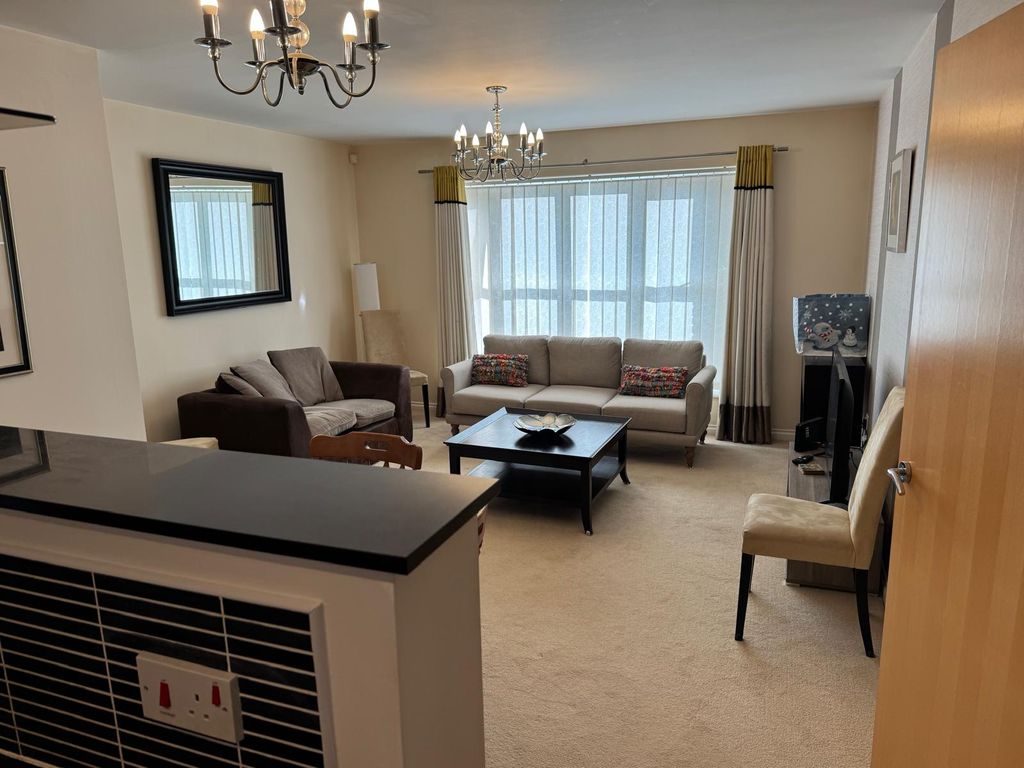 Property photo 2 of 9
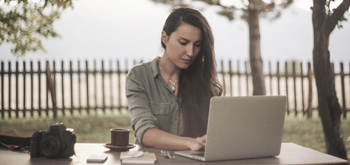 vrouw aan laptop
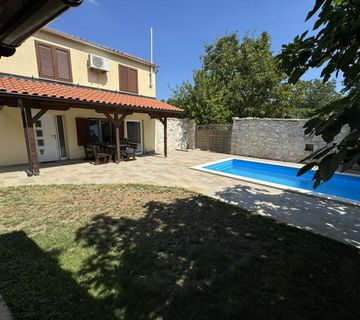Renovirana kamena kuća sa pomoćnim objektom, Tinjan,okolica, Istra - cover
■ ■ ■ ■ ■
> **What you will do**
Give back an exact copy of only the lines from the one with "vrouw aan laptop" through the final line of the material, both included. Pictures do not belong in it.

> **Answer to the problem**
 vrouw aan laptop
Renovirana kamena kuća sa pomoćnim objektom, Tinjan,okolica, Istra - cover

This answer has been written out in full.